36.
Em A
Grande Onda os marinheiros são todos iguais, de rostos inexpressivos e com
um vestuário idêntico, como soldados.
Nenhum se distingue em particular nem
ostenta qualquer sinal – um traço fisionómico, um adereço na roupa – que o
singularize.
As feições dos marinheiros são, aliás,
desenhadas a traços simples, sem que Hokusai cuidasse de personalizá-las ou até
mesmo de lhes conferir um perfil humano.
Para essa despersonalização muito
contribui o facto de os rostos terem uma aparência glacial, quase
fantasmagórica. Todavia, o perigo da morte iminente – ou do seu risco – não se
adivinha em lugar algum, seja no rosto dos homens do mar, seja nos seus gestos.
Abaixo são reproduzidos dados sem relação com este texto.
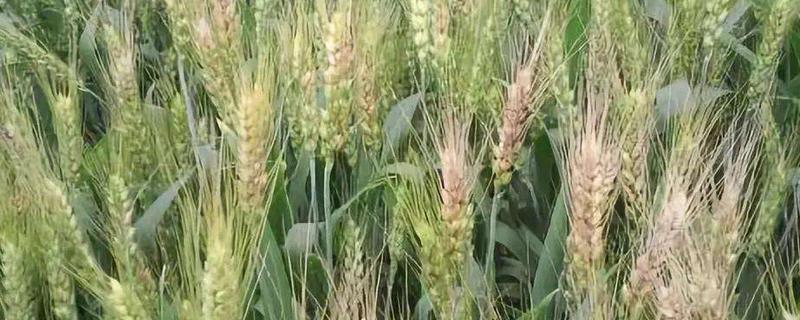 鑫望379小麦种子特征特性，足墒播种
Pressente-se, quando muito, o rasto de alguma obstinação.
Não
se nota sequer que os marinheiros estejam a fazer um esforço especial para
enfrentar a grande onda.
A total alvura da sua pele, em
contraste com o azul carregado da roupa, explica-se pelo cromatismo da
composição, que poderia ser desfigurado se acaso Hokusai tivesse tingido o
rosto dos marinheiros de cor de carne.
O branco da pele serve também para
assemelhar as cabeças calvas dos marinheiros aos salpicos de espuma do mar que,
note-se, se concentram inteiramente no
lado esquerdo da imagem, reforçando o contraste entre esse lado, o da
turbulência, e o lado direito, o da serenidade.
De acordo com a leitura visual dos
japoneses, da direita para a esquerda, o desenho assinala a calma (à direita) que
se converte em tempestade (à esquerda), ponto que tem sido referido por
observadores especialmente qualificados como Timothy Clark (Hokusai’s Great Wave, Londres, The
British Museum Press, 2011, p. 9).
Noutros trabalhos, Katsushika Hokusai
recorreu a esta estratégia de despersonalização das figuras humanas, ainda que não
com a mesma intensidade de A Grande Onda.
Foi o caso da gravura impressa muito
provavelmente na década de 1820 (sendo, portanto, anterior à Grande Onda) e intitulada Murasakigai, de que se falou em Notas sobre A Grande Onda – 17.